Review of "Rationality: AI to Zombies": Rationality vs. Antifragility
If you prefer to listen rather than read, this blog is available as a podcast here. Or if you want to listen to just this post:
I’ve mentioned here and there over the past few months that I’ve been working my way through Rationality: AI to Zombies by Eliezer Yudkowsky, and last week I finally finished that mammoth tome. Okay it wasn’t an actual tome, it was a kindle ebook, but using the page estimate on Amazon, had it been a book, it would have been 2393 pages. Which may make it the longest book I’ve ever read, surpassing stuff like Les Miserables and War and Peace. (In case you’re wondering, both of those were more enjoyable.) And, given that length, there’s a lot that could be said about it. Consequently, it may take more than one post for me to cover everything I want to. We’ll have to see, but to start off with I’d like to focus on the difference between Talebian Antifragility, my preferred framework, and Bayesian Rationality, the framework espoused by Yudkowsky in this book. And why one is better than the other.

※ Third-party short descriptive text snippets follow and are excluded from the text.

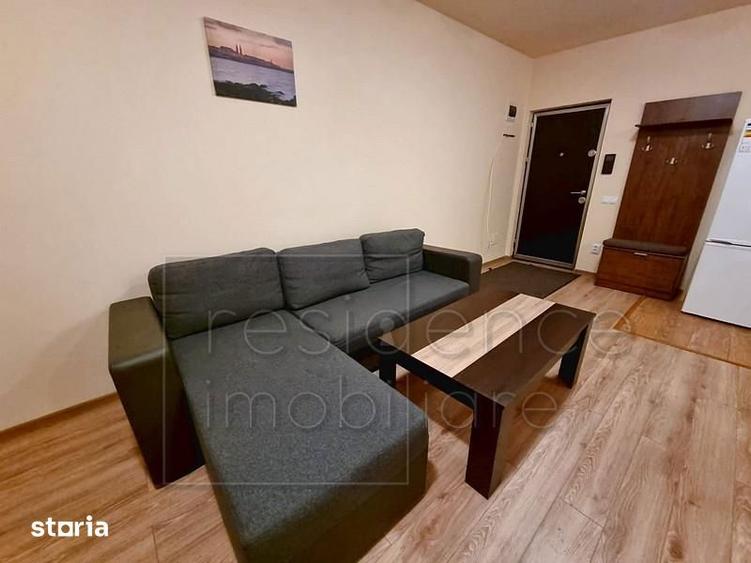 Apartament cu 3 camere semidecomandat în Între Lacuri
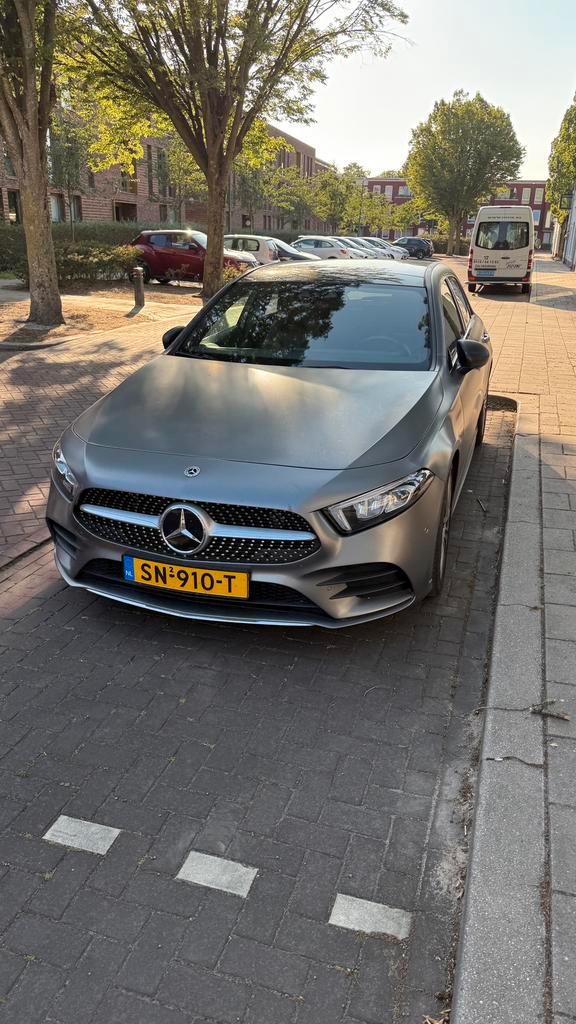 A 200 AMG | NIGHT | DEALERGARANTIE | MBUX | PANO | KEYLESS, Auto's, Mercedes-Benz, Particulier, A-Klasse, ABS, Airbags, Airconditioning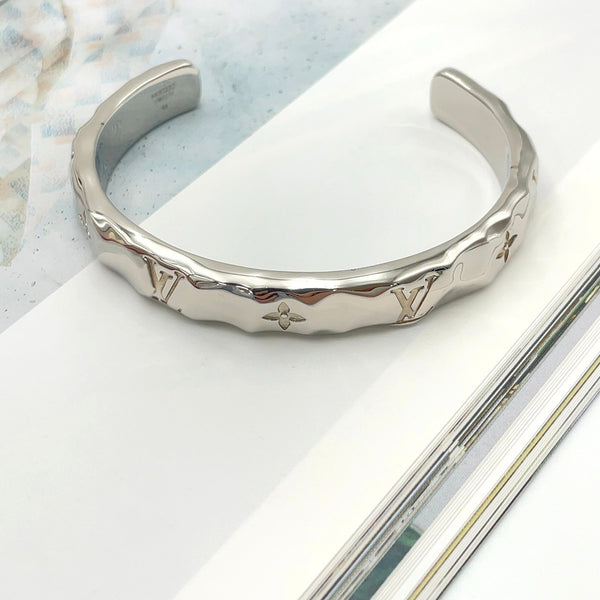Louis Vuitton Cuff Bangle Sv M Size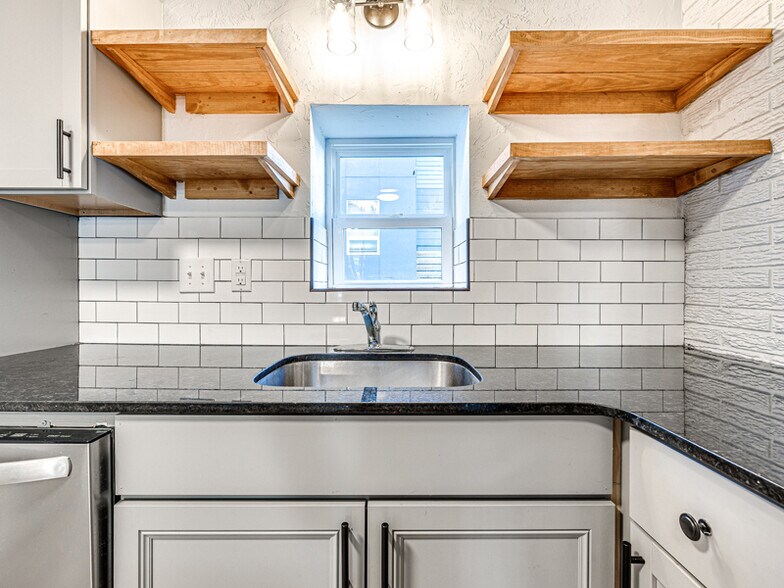 More Photos Of 127 N Duck St, Stillwater Apartments For Sale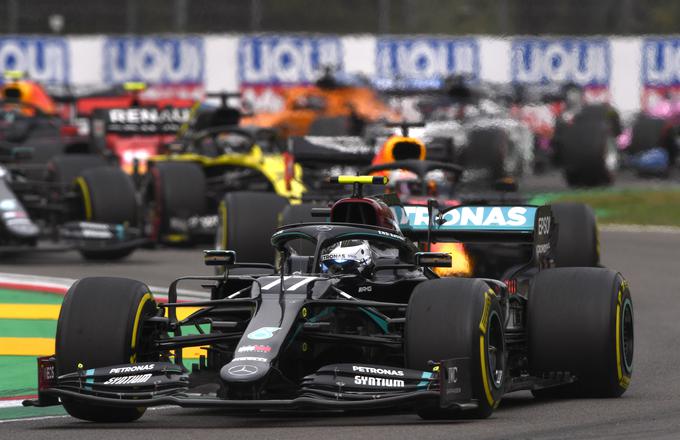 S prvega mesta je dirko začel Valtteri Bottas. | Foto: Reuters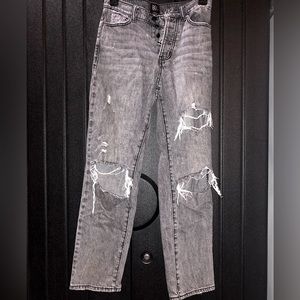 BDG Slim Straight Jeans from Urban Outfitters. Size 24.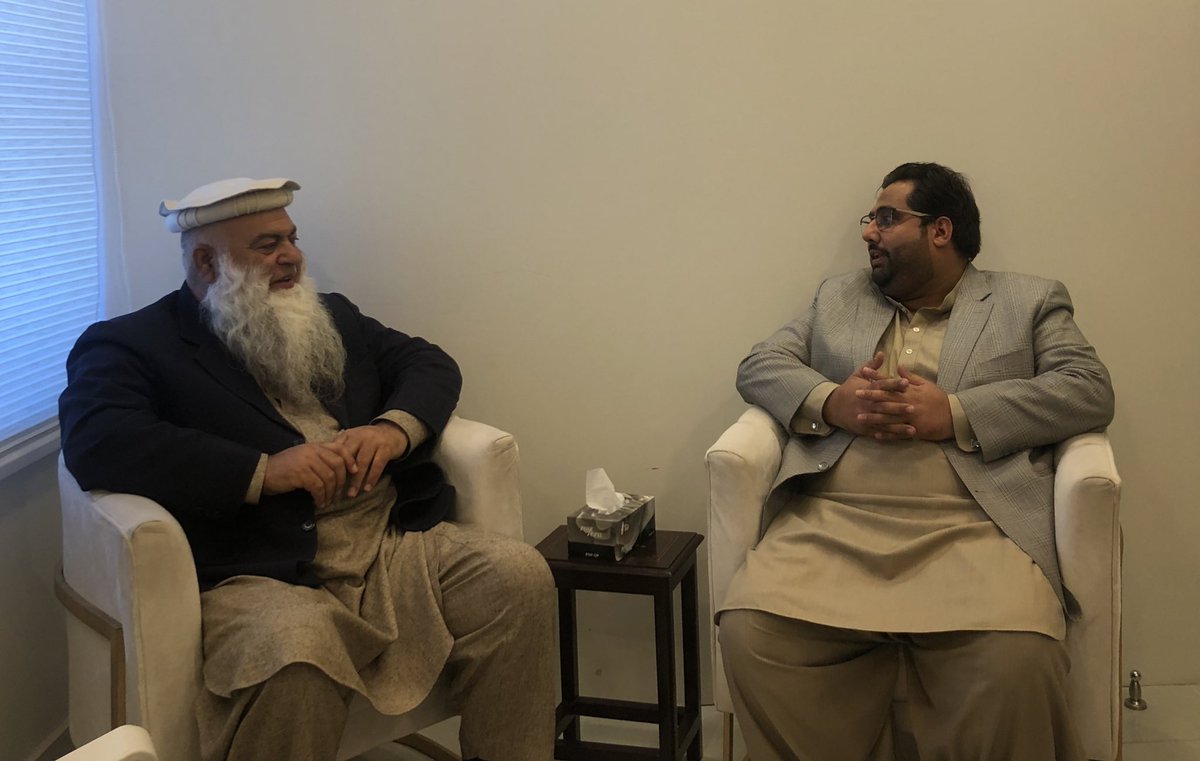 AhmedNawazKhan's tweet photo. اسلام آباد ، پی ٹی آئی بٹ خیلہ مالاکنڈ کے رہنما حاجی ایوب خان کی قومی وطن پارٹی کے مرکزی ڈپٹی جنرل سیکرٹری احمد نواز خان جدون سے ملاقات ، حاجی ایوب خان کا ساتھیوں سے صلاح مشورہ کے بعد کیو ڈبلیو پی میں شمولیت کا عندیہ https://t.co/4BCX4gY1SK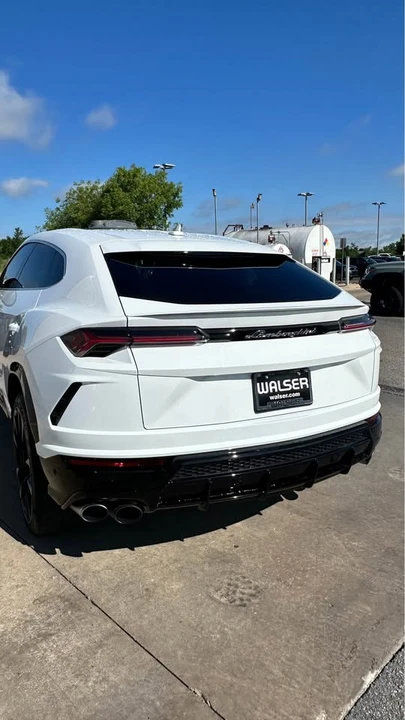 2022 Lamborghini Urus - Image 9 of 9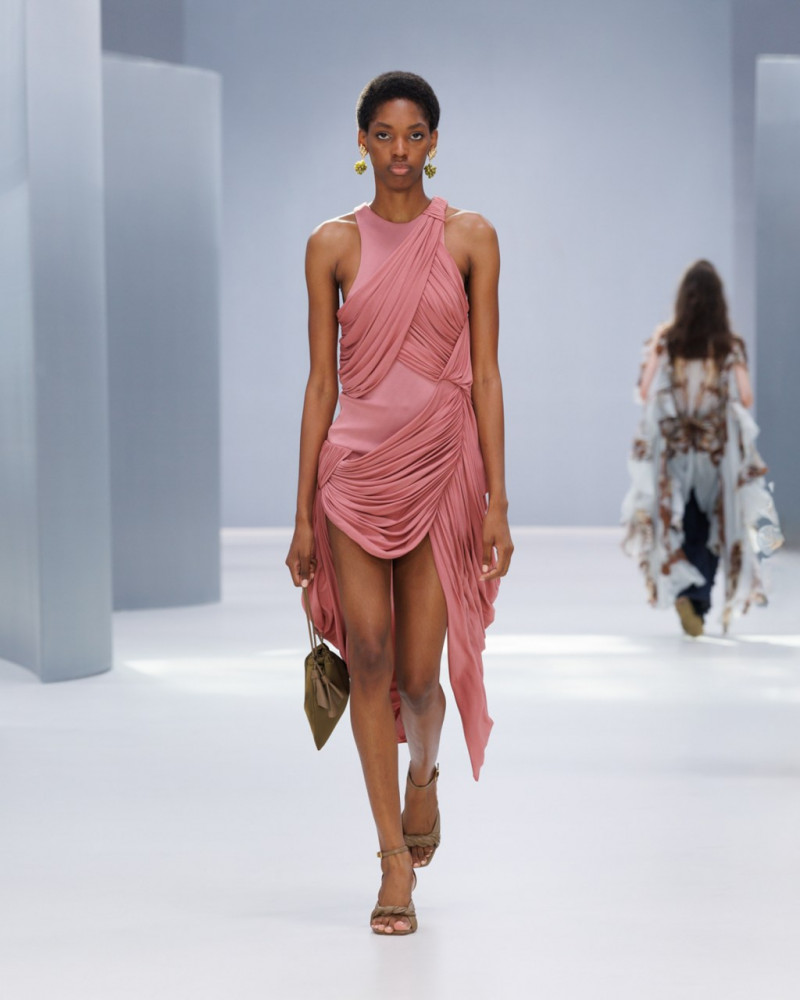 zimmermann-spring-2027-rtw-r-ctsy037.jpg
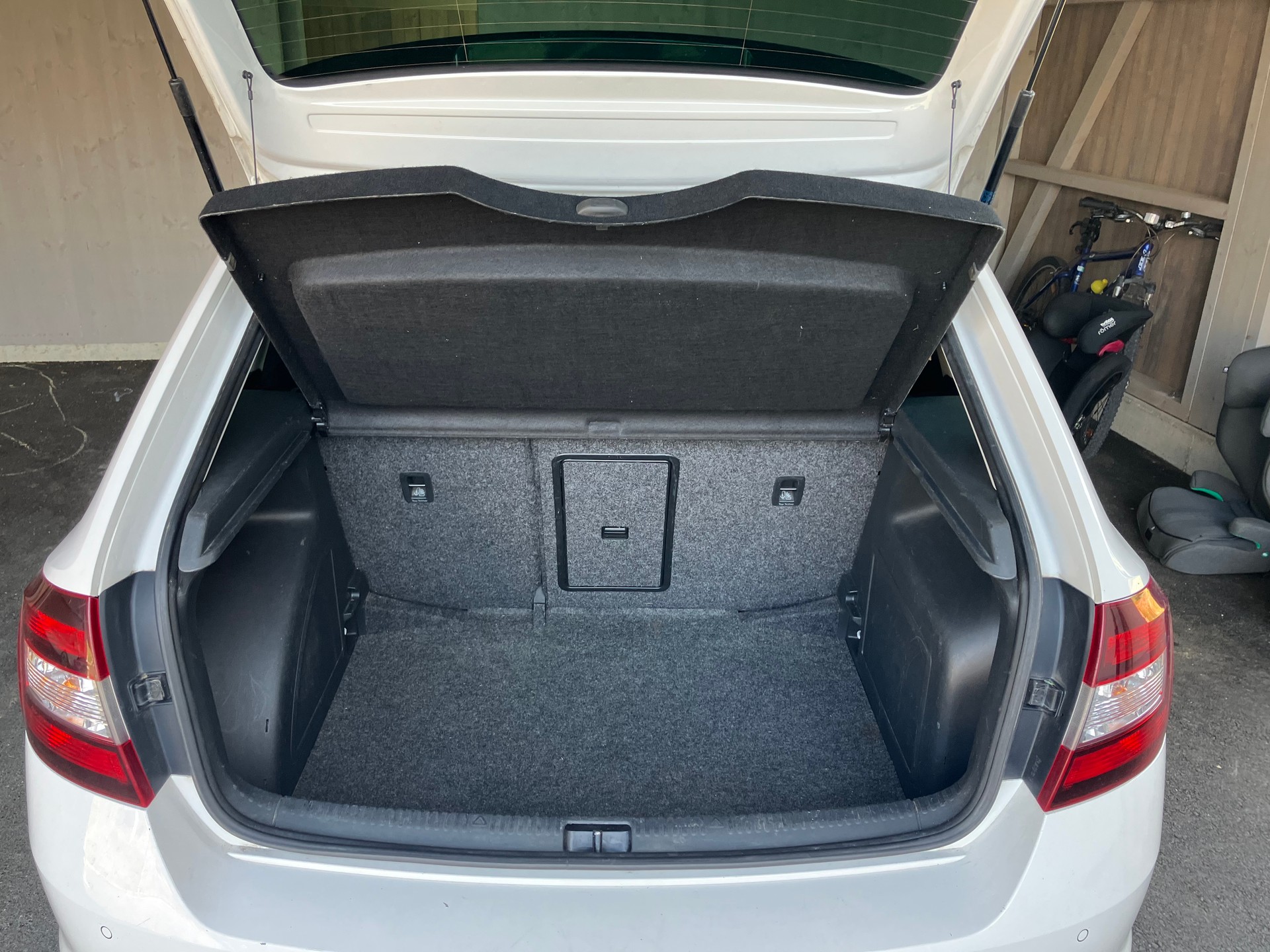 SKODA 1.4 TSI Monte Carlo DSG-image-5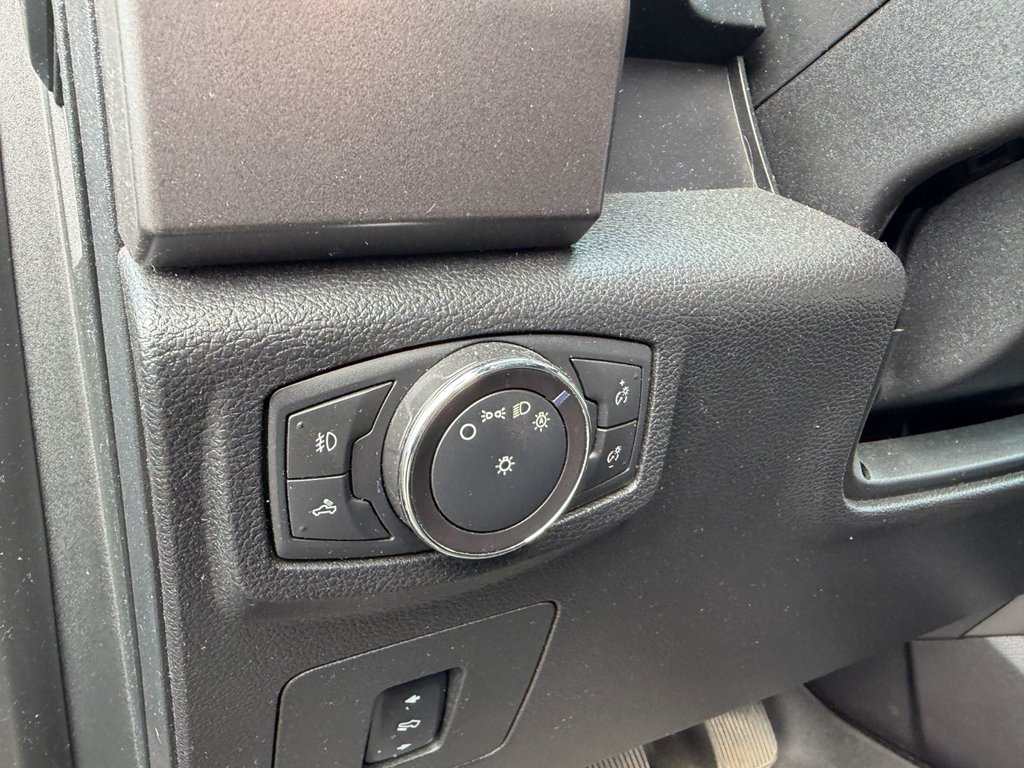 2016 Ford F-150 in Victoriaville, Quebec - 20 - w1024h768px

As anyone who’s followed me for any length of time could guess, I think antifragility is better than rationality. (See this post, if you need to brush up on what antifragility is.) This is not a conclusion I came to just recently, and in fact I think I covered it pretty well in my prediction post from the beginning of the year. But back then I was reluctant to paint with too broad a brush, particularly since, at the time, I didn’t feel that I had read enough to be confident of accurately representing the rationalists. Over 2000 pages later I no longer have that concern.
To be fair, I don’t think they’re unaware the ideas of Taleb and antifragility, I’ve seen both mentioned here and there, and late in the book Yudkowsky says:
Truly it is said that “how not to lose” is more broadly applicable information than “how to win.”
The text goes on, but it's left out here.